Web page caption snippets:
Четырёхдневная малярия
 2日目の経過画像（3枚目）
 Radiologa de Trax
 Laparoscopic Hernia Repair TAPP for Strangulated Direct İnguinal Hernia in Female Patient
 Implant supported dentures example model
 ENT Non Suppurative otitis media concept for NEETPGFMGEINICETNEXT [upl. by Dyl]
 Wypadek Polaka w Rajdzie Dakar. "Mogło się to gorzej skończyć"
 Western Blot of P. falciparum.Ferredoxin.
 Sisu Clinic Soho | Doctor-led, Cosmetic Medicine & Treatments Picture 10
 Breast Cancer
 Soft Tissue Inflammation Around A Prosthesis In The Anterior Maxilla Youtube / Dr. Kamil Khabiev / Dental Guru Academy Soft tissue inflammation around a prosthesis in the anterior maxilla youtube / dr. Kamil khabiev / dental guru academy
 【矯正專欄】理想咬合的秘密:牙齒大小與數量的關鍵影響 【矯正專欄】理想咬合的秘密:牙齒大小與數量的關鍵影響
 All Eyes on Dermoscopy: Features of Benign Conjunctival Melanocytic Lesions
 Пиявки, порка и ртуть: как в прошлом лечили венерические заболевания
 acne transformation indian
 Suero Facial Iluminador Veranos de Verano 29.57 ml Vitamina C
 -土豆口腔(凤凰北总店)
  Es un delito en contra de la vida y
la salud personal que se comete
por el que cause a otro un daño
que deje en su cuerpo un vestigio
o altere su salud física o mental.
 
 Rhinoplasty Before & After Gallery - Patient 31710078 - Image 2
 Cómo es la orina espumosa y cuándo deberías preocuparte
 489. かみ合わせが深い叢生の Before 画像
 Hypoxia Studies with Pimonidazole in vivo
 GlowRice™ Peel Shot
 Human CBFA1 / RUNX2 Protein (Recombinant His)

PROBLEM TO SOLVE: From the data above, count the lines that contain "salud" and write only that count.

RESPONSE TO THIS EXERCISE: 2